Prompt:
Pictures are to be left out. Return exactly the lines below from the one with "Stock de seguridad" up to and including the one with "La volpe e il drone: Una favola moderna".

Information provided:
● ● ● ● ● ● ●

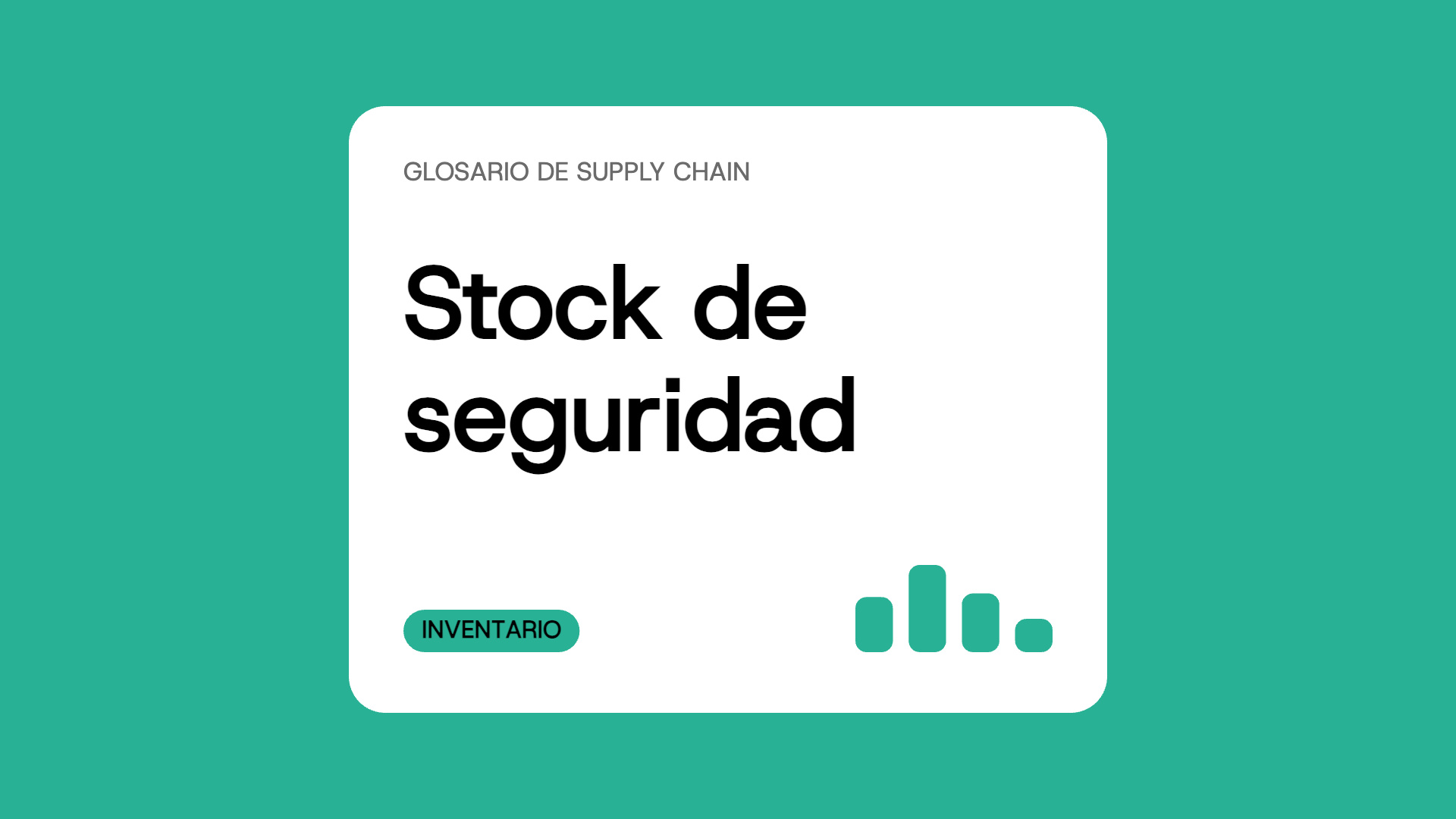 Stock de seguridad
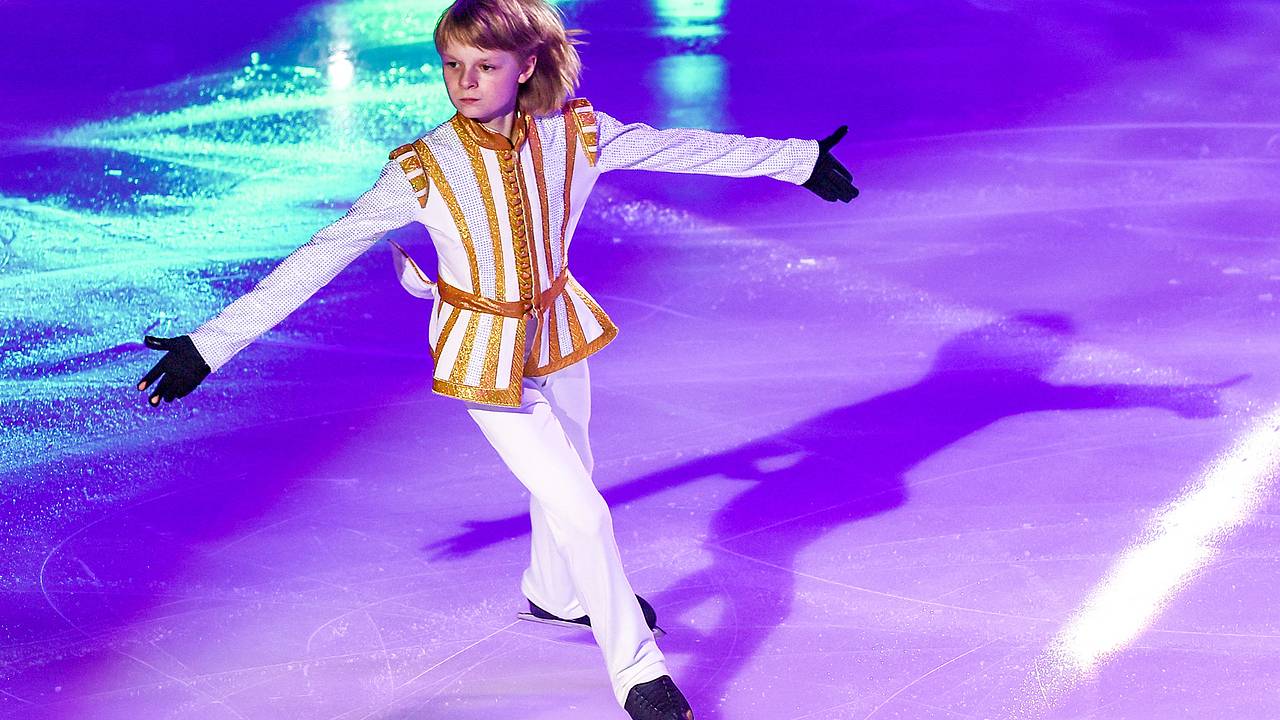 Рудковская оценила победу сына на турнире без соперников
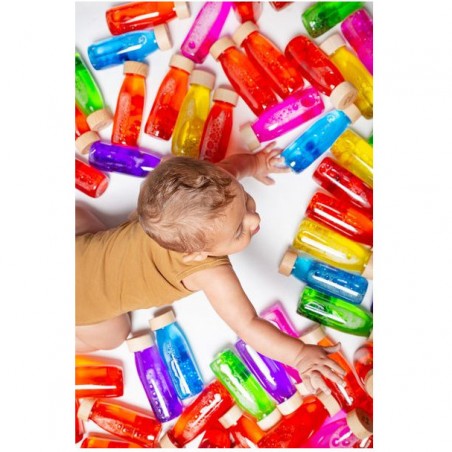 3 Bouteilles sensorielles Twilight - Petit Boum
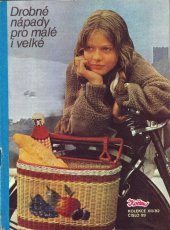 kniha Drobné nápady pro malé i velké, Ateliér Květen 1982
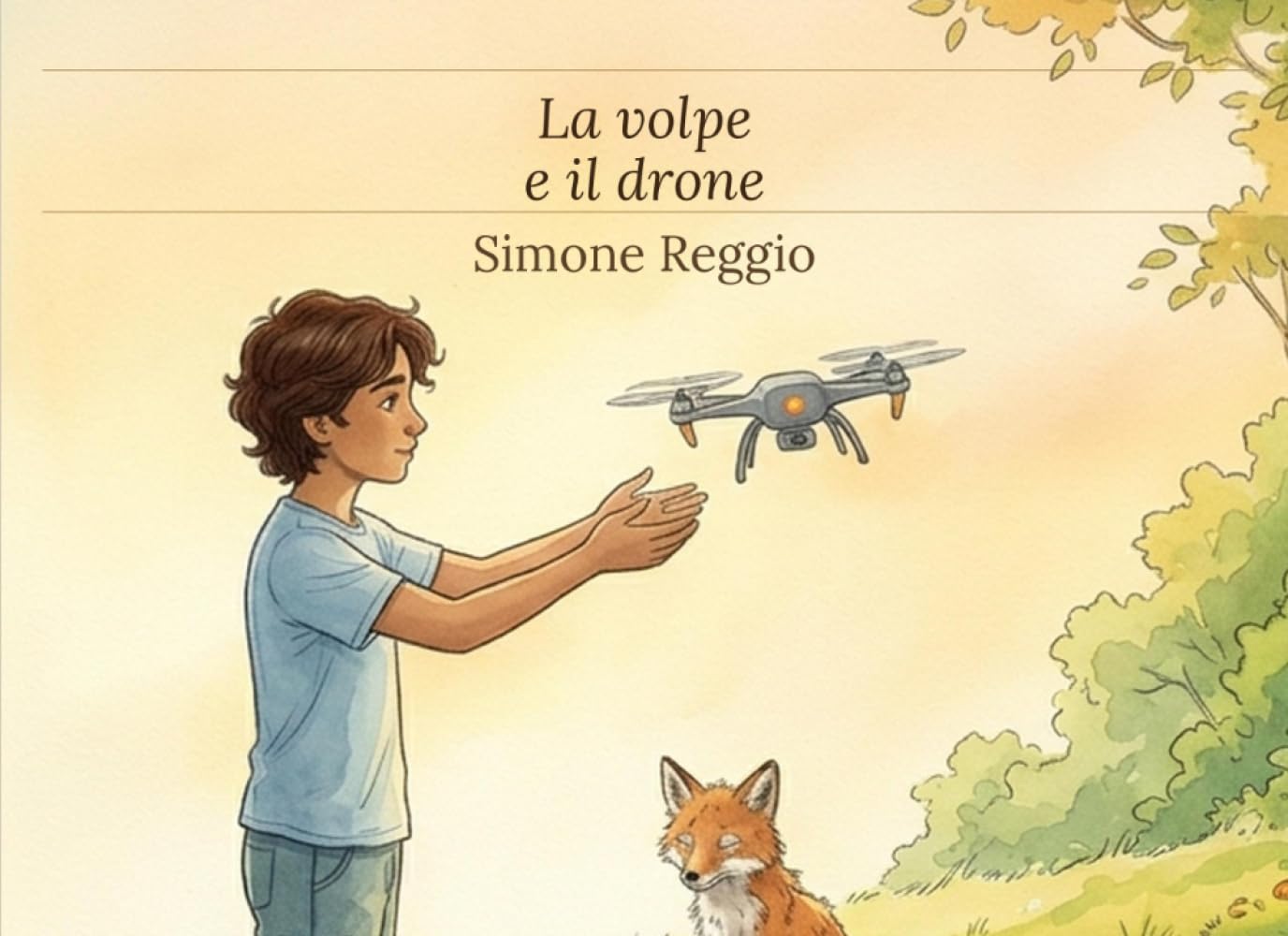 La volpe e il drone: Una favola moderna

● ● ● ● ● ● ●

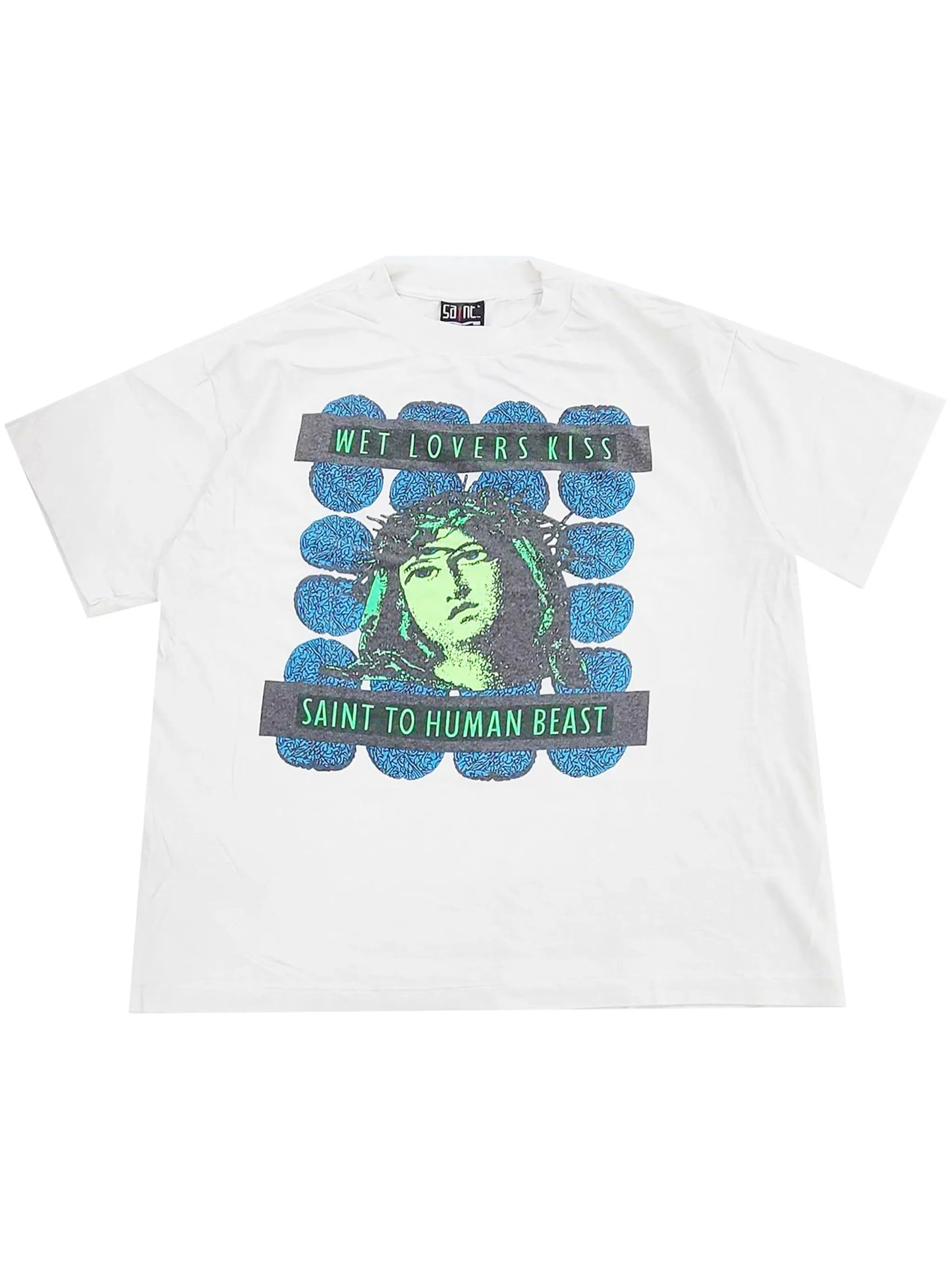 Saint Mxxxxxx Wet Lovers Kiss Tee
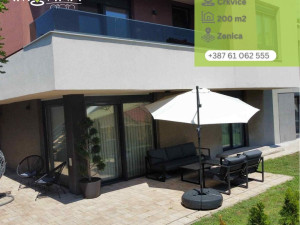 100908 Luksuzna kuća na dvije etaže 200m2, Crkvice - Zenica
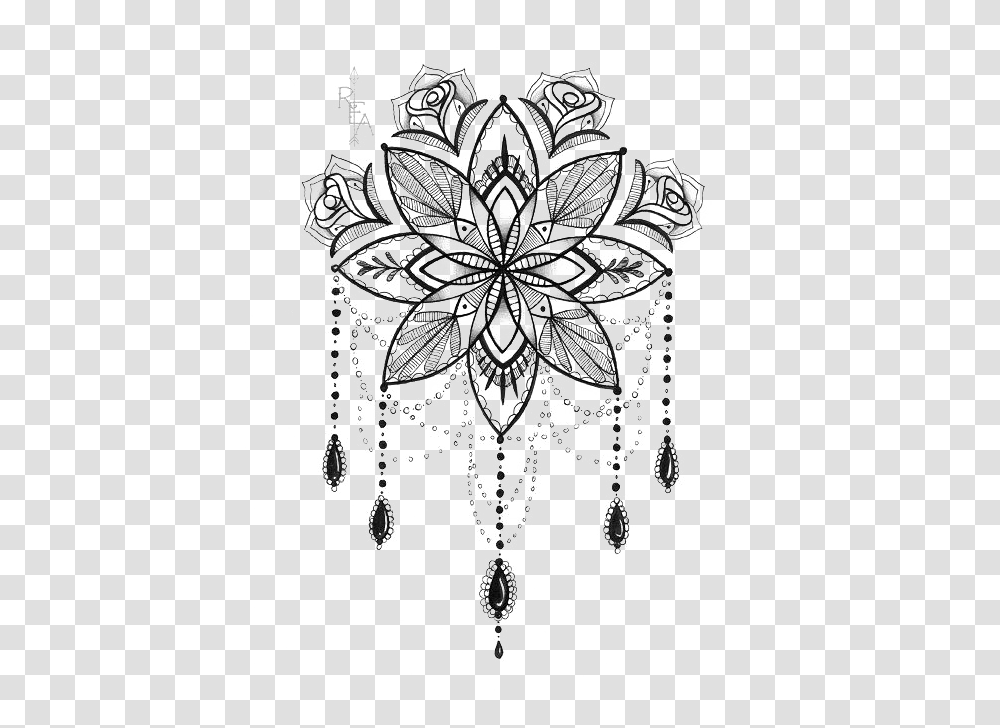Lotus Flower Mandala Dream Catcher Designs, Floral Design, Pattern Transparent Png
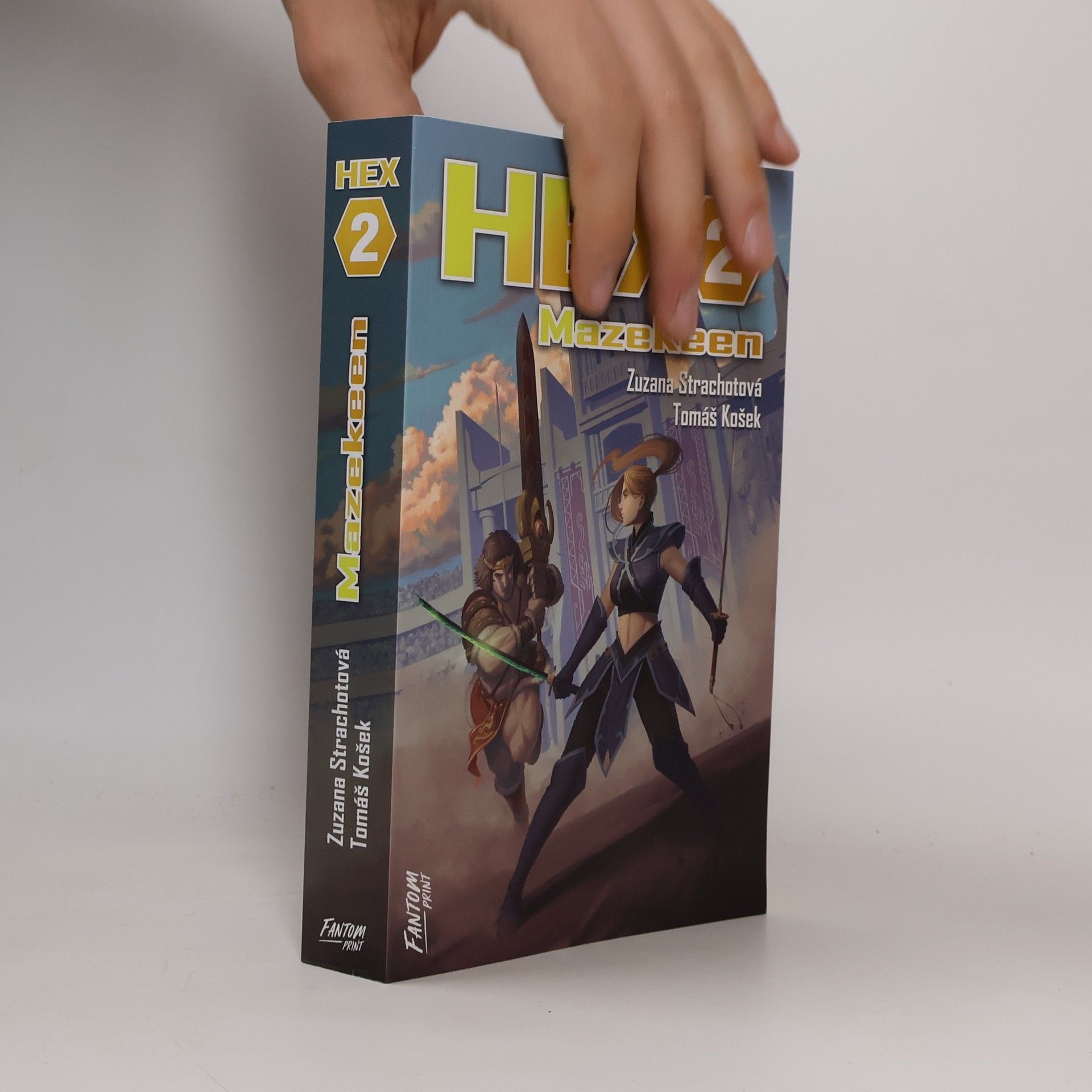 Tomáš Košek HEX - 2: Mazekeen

● ● ● ● ● ● ●

Solution to this task:
 Stock de seguridad
 Рудковская оценила победу сына на турнире без соперников
 3 Bouteilles sensorielles Twilight - Petit Boum
 kniha Drobné nápady pro malé i velké, Ateliér Květen 1982
 La volpe e il drone: Una favola moderna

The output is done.